What does it mean for a single electron to have a probability distribution of positions? The latter is a property of an ensemble, not of a single system!

QT is about what's measurable and observable not about theoretical constructs.

Then what is measurable and observable about the probability distribution of positions of a single electron?

 

[A. Neumaier]

Everybody who has ever made an experiment with a weak radioactive source finds points on the scintillation screen. No single event gives a smeared distribution.

Again this is since, by Mott's argument, the first ionization changes the state of the electron to one with a point-like geometric cross section, which is then measured, and of course leads to a point-like flash. The measurement (irreversible amplification) is not one of the unperturbed electron in its spherical state emanating from the source but one of the perturbed state caused by the interaction leading to the first ionization.

 

[A. Neumaier]

Take the example of an electron in a hydrogen atom in its ground state. It has no definite position but a probability distribution of positions. Whenever measured you find a point-like particle (for which you usually have to destroy the atom, i.e., you have to kick out the electron, if you want a sufficient spatial resolution). [...] you need an ensemble of hydrogen atoms.

Don't you agree that destroying the atom definitely changes the state of the electron?

Consider the following analogous situation: To measure the chemical structure of a complex molecule you have to destroy sufficiently many copies of it, split them into pieces that can be analyzed by a mass spectrometer, and afterwards find out how overlapping fragments can be combined to a whole. At the end, if you are able to reconstruct a unique chemical formula, your measurement was successful.

What you try to argue is like saying that in the analogous situation that whenever you measure the complex molecule you always find fragments, and conclude that the complex molecule must be an ensemble of fragments with the remarkable property that they seem to come from a single molecule that is never observed in the measurement process. Whereas the natural interpretation is that there is a single molecule, which changes its state during the measurement, so that only its fragments are measured.

In the same vein, rather than arguing that when analysing an atom one always measures rays impinging on a screen that seem to come from a spherical charge distribution which is only visible in the ensemble, it is far more natural to assume that the spherical charge distribution exists but is destroyed by the measurement process, so that the latter has to be repeated often enough to recover the original, spherical structure.

The example discussed in posts #47 and #49 of the thread Are tracks in collision experiments proof of particles? suggest the same.

 

[vanhees71]

What does it mean for a single electron to have a probability distribution of positions? The latter is a property of an ensemble, not of a single system!

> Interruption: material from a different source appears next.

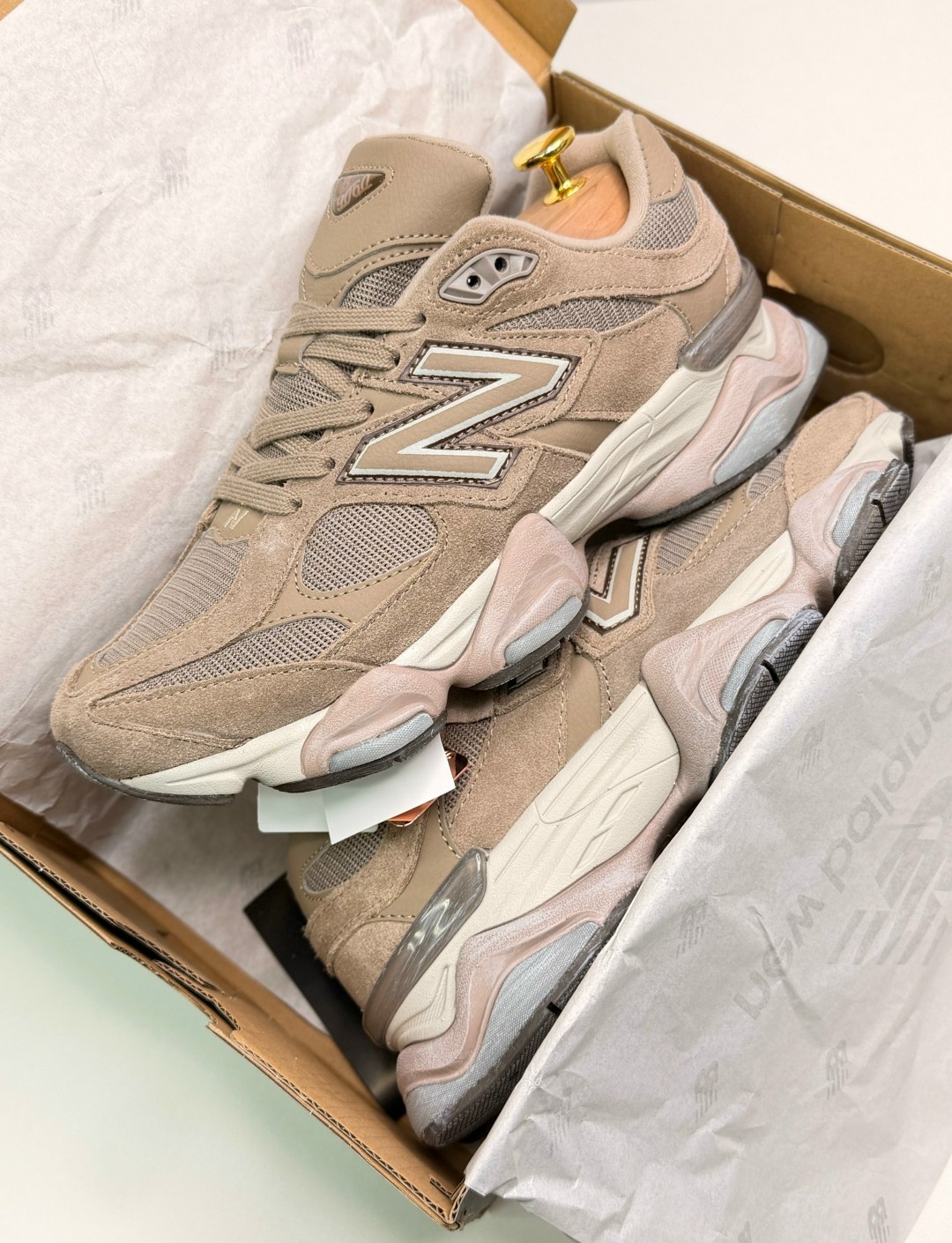 кроссовки new balance 9060,кроссовки new balance 9060 бежевые,кроссовки new balance,кроссовки new balance 9060 женские,new balance 9060 бежевые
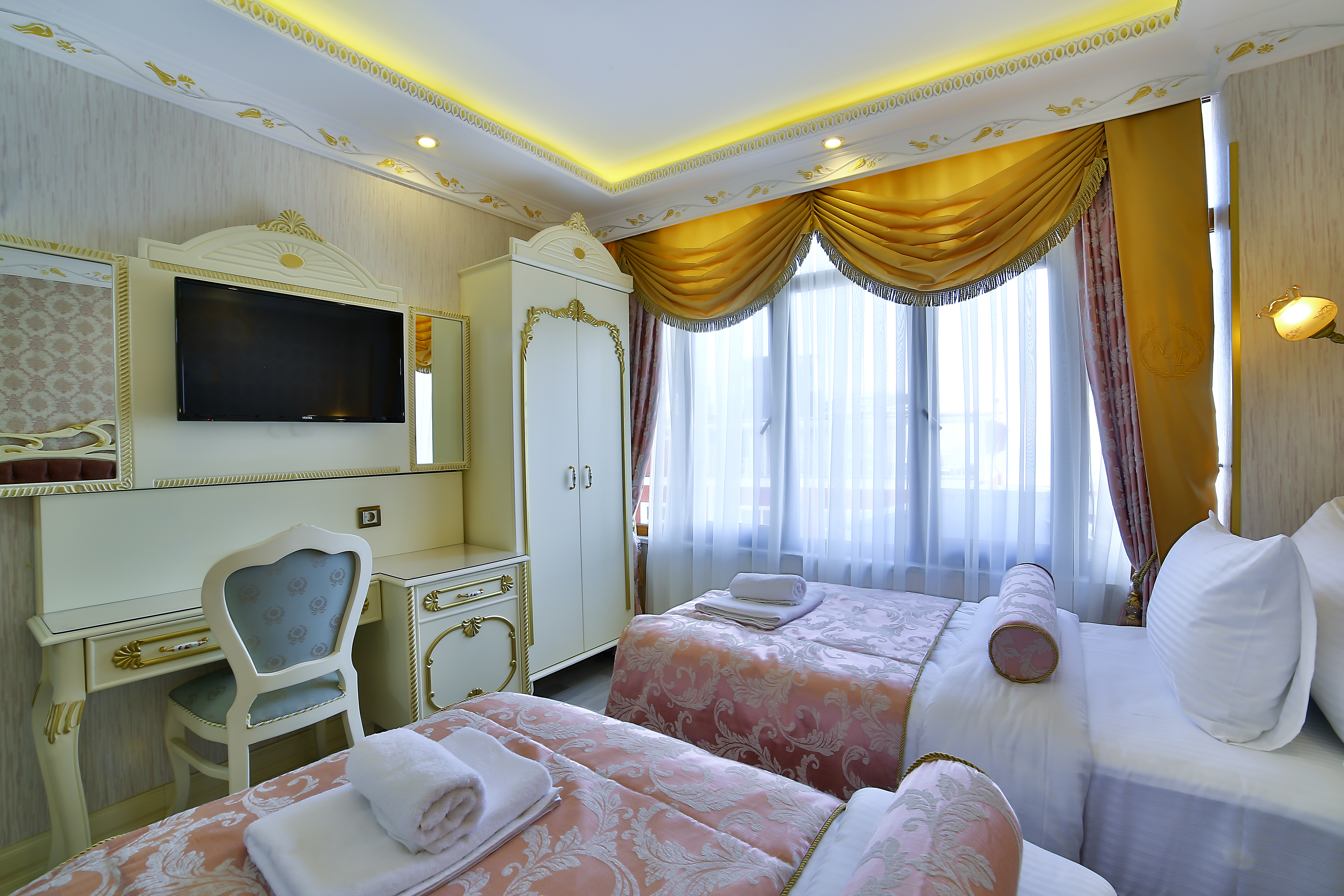 Double or Twin Standard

Then what is measurable and observable about the probability distribution of positions of a single electron?

As you say: You prepare an ensemble of independently prepared single-electrons and measure their positions, leading to the probability distribution by the usual statistical evaluation procedures. The position of the single electron is not determined when prepared in the hydrogen-atom ground state, but you know the probability distribution by solving the time-independent Schrödinger equation. You can verify the predicted probability distribution only on an ensemble. This is the standard point of view of the ensemble interpretation.

 

[vanhees71]

Again this is since, by Mott's argument, the first ionization changes the state of the electron to one with a point-like geometric cross section, which is then measured, and of course leads to a point-like flash. The measurement (irreversible amplification) is not one of the unperturbed electron in its spherical state emanating from the source but one of the perturbed state caused by the interaction leading to the first ionization.

That's what makes such a scientillator a good position-measurement device. It's one way to define the position observable operationally, and without such a definition the idea of observables is empty.